EyeFi è una giovane azienda con sede in California, a Mountain View, che propone a tutti i fotografi una soluzione molto interessante per disporre in ogni istante delle migliori foto scattate su ogni device. Eyefi Mobi, infatti, è una schedina SD WiFi di classe 10 (10 Mbyte/s, la classe si riferisce alle specifiche SD non alla connettività WiFi) che una volta inserita nella vostra fotocamera digitale, in sostituzione della scheda standard che utilizzate normalmente, vi consentirà di trasmettere immagini e video ai vostri dispositivi iOs e Android (ma anche a Pc e Mac e per qualche Paese è disponibile l’app anche per Kindle Fire).

EyeFi Mobi
EyeFi Mobi

Questo perché è la schedina stessa a comprendere connettività WiFi, e quindi pronta per il pairing punto a punto con smartphone, tablet, Pc e Mac.

Così si presenta la confezione in blister di EyeFi Mobi che contiene una tessera plastificata per l'attivazione non della scheda come storage, ma della parte WiFi
Così si presenta la confezione in blister di EyeFi Mobi che contiene una tessera plastificata per l’attivazione, non della scheda come storage, ma della parte WiFi

Sui dispositivi sarà sufficiente avere preinstallata la relativa app Eyefi Mobi, attivare la propria Sd WiFi Card impostando anche una password di accesso, installare come suggerito nella procedura passo a passo il profilo WiFi sul proprio dispositivo e infine gestire le proprie foto tranquillamente tramite l’applicazione.

Pochi passaggi quindi per potere rendere qualsiasi fotocamera ‘connessa’ in WiFi con i propri device mobili. Questo senza dover acquistare costosi moduli opzionali WiFi dedicati per la singola fotocamera, quando esistono, con il vantaggio in più di poter utilizzare la scheda SD WiFi anche su qualsiasi modello per cui non è del tutto prevista la connettività WiFi.

E’ importante però una nota, la scheda EyeFi Mobi funziona con migliaia di modelli di fotocamere (verificate qui la compatibilità con la vostra), se invece utilizzate una videocamera fate attenzione perché nelle nostre prove, per esempio con una Panasonic HC-W850 è stato sì possibile rilevare la rete WiFi, ma solo dopo un’ulteriore impostazione sulla videocamera, e cioè concedendo l’accesso specifico a quella scheda dal Menu delle Impostazioni, invece con una prosumer Canon Legria HF G30 non abbiamo avuto problemi di sorta.

EyeFi Mobi (2)
Istruzioni e supporto in caso di problemi sono ben curati, anche se l’attivazione della connessione WiFi è semplicissima. Consigliamo sempre prima di verificare se il modello di fotocamera o videocamera di cui disponete è supportato

 

Il vantaggio maggiore di una soluzione di questo tipo è proprio quello di portare a nuova vita la vostra fotocamera magari un po’ datata destinata a non poter dialogare con il vostro smartphone, ma c’è un ulteriore vantaggio, e cioè quello di non dovere installare 3-4 app di produttori diversi per gestire la propria produzione multimediale.
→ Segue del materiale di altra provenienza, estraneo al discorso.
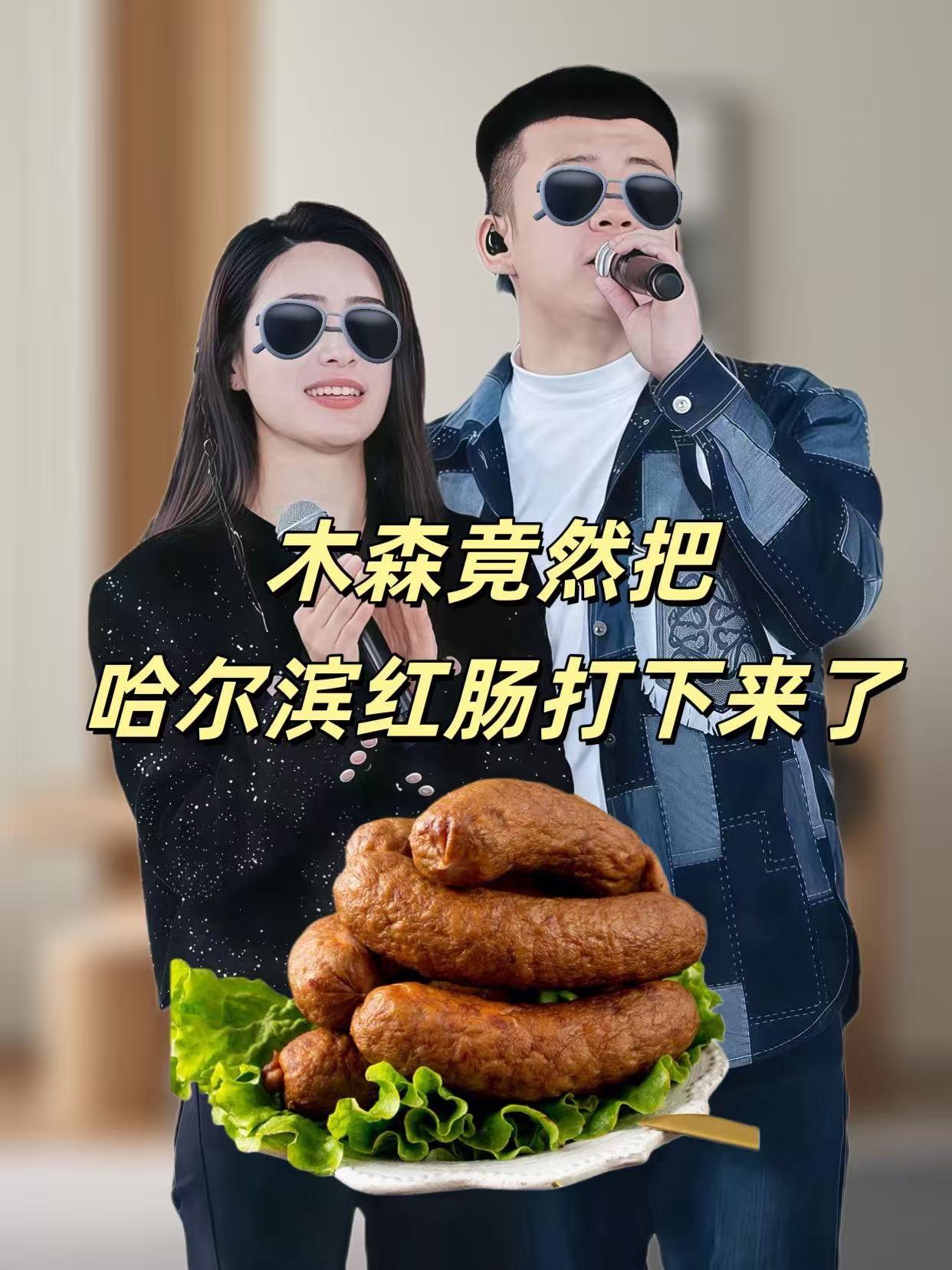 #木森推荐 【买5根送5根】正宗哈尔滨红肠 东北特产烟熏蒜香香肠腊肠零食熟食#哈尔滨红肠 #烟熏肠 #腊肠 #董木森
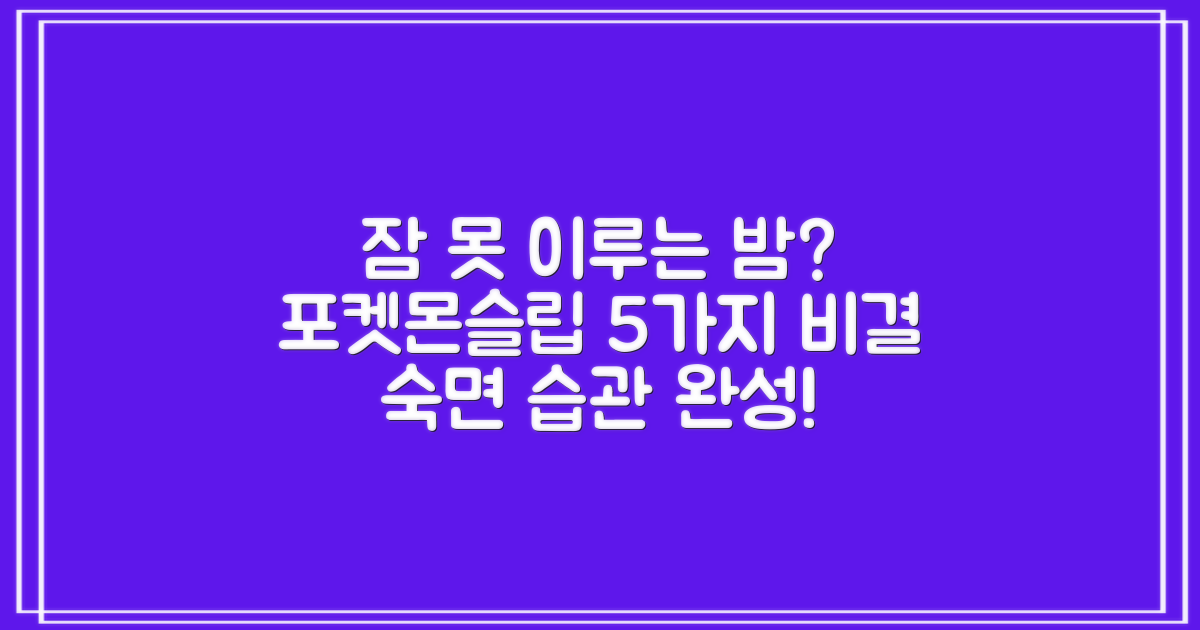 포켓몬슬립으로 수면 습관이 개선되는 5가지 이유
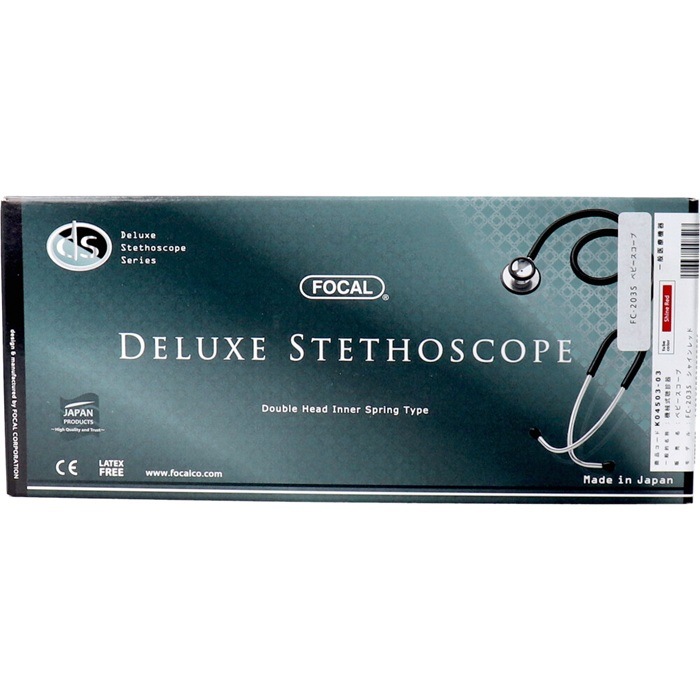 【聴診器】【小児】 FOCAL ベビースコープ FC-203 S シャインレッド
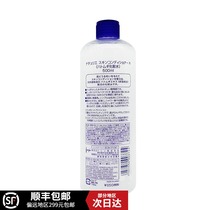 Wulla beauty OPERA OE Peilan barley water fan Bingbing recommended lotion cool shrink pores moisturizing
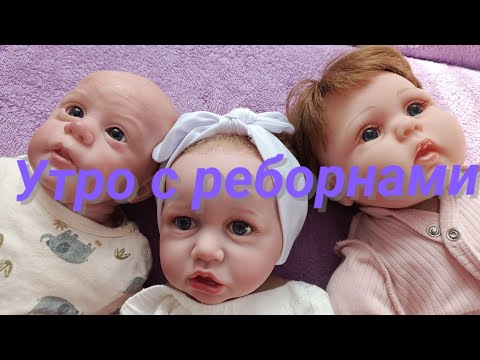 Видео: Утро с  тремя реборнами /// vlog /// утро с реборнами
E allora segnaliamo anche il prezzo, Eyefi Mobi da 8 Gbyte costa 41,99 euro, poi è disponibile nel taglio da 16 Gbyte a 61,99 euro e da 32 Gbyte a 81,99 euro. Ci sembrano prezzi del tutto bilanciati con quanto viene offerto.

L’acquisto della scheda di memoria Wifi permette anche l’iscrizione a EyeFi Cloud, da cui si avrà a disposizione, sempre via mobile una sorta di raccoglitore in cloud che permette anche le prime operazioni sulle foto come il taglio dell’inquadratura, la rotazione, l’assegnazione di tag e la condivisione. L’accesso alle foto sarà disponibile anche in assenza di copertura di rete.
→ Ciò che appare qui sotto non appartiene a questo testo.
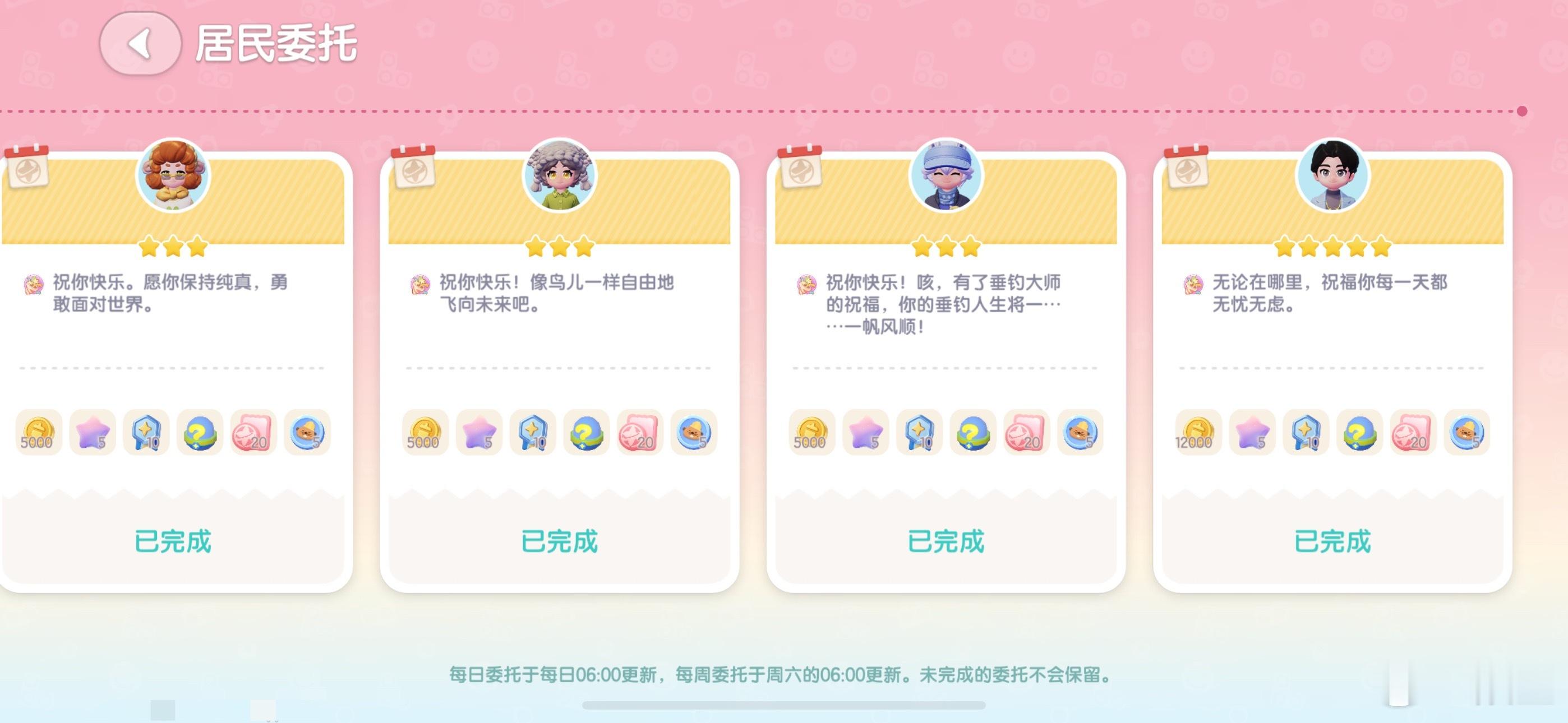 心动小镇今天的任务全是祝福 一上线就完成了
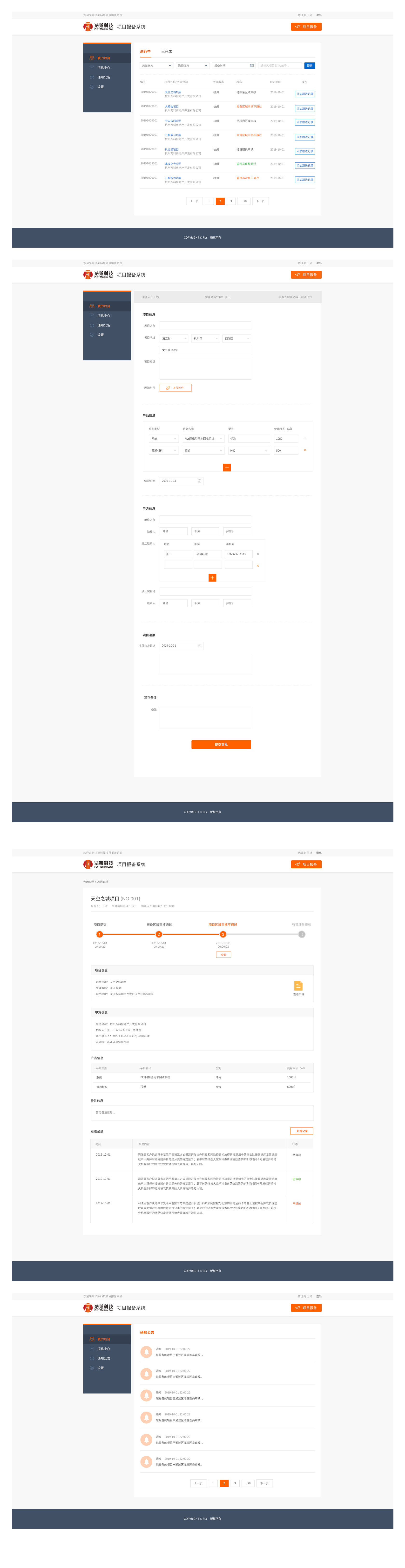 報備系統開發(fā)-法萊科技項目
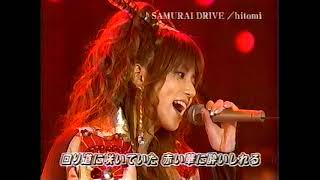 hitomi - SAMURAI DRIVE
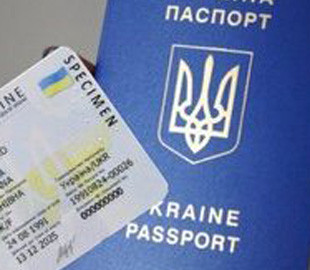 Роботу інформаційних систем ДМС відновлено: паспортні сервіси працюють у штатному режимі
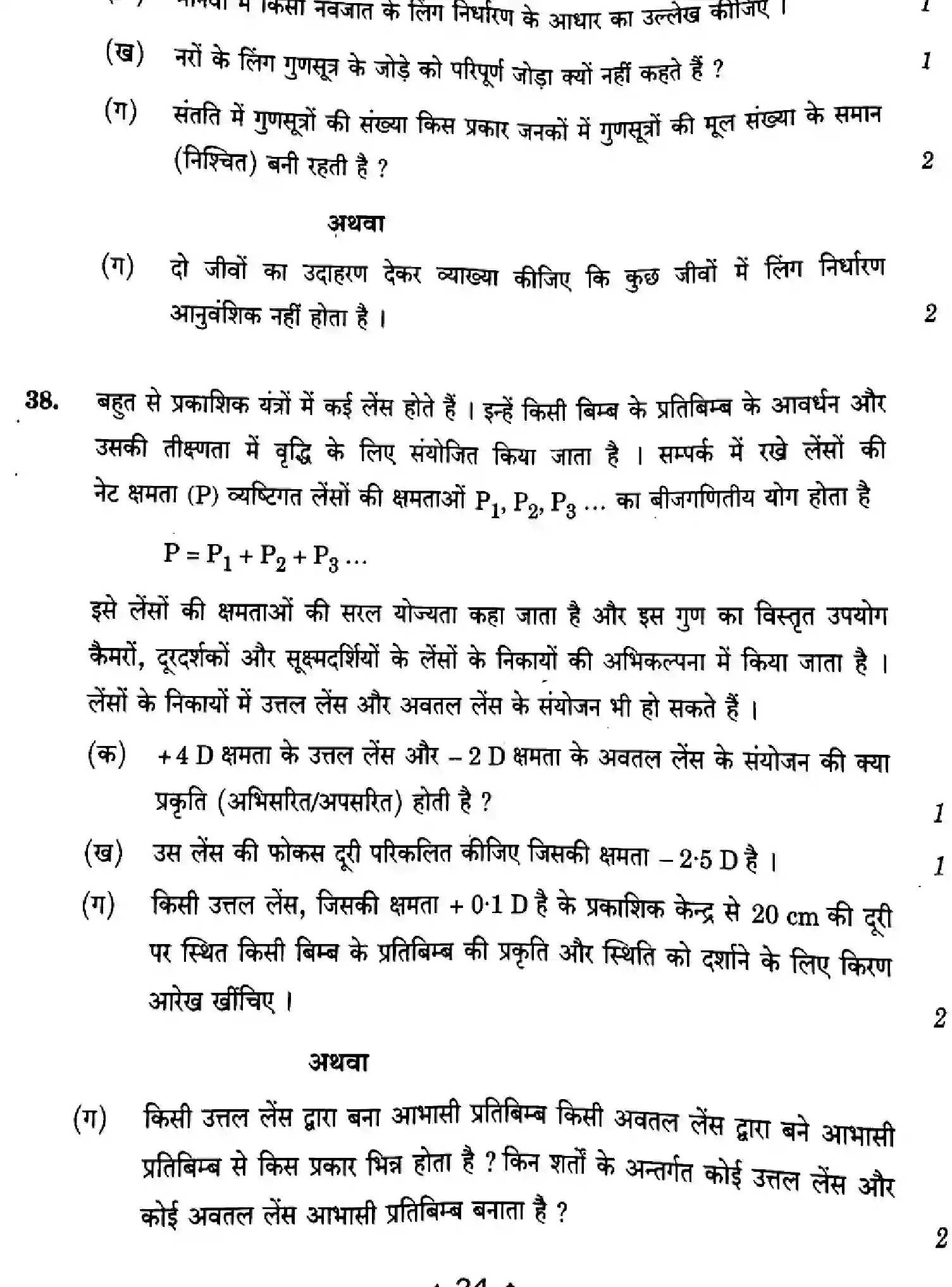 CBSE-Class-10-Previous-Year-Question-Papers-SCIENCE-Z1XYW-5-SET-3-Page-24 Image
In pratica con EyeFi Cloud è come disporre di un servizio cloud privato per le proprie foto che permetterà anche ai vostri amici di guardare i vostri nuovi scatti semplicemente grazie a una notifica, senza bisogno che essi abbiano bisogno di una registrazione.

EyeFI App iOsTra gli aspetti invece su cui è possibile lavorare segnaliamo come non sempre il trasferimento avvenga a una velocità soddisfacente, anche in condizioni comunque ottimali, e piccole incertezze di refresh nella app (noi abbiamo provato la scheda con iOs) quando si eliminano i fotogrammi. Basta cambiare schermata e tornare nel menu di navigazione per risolvere tutto.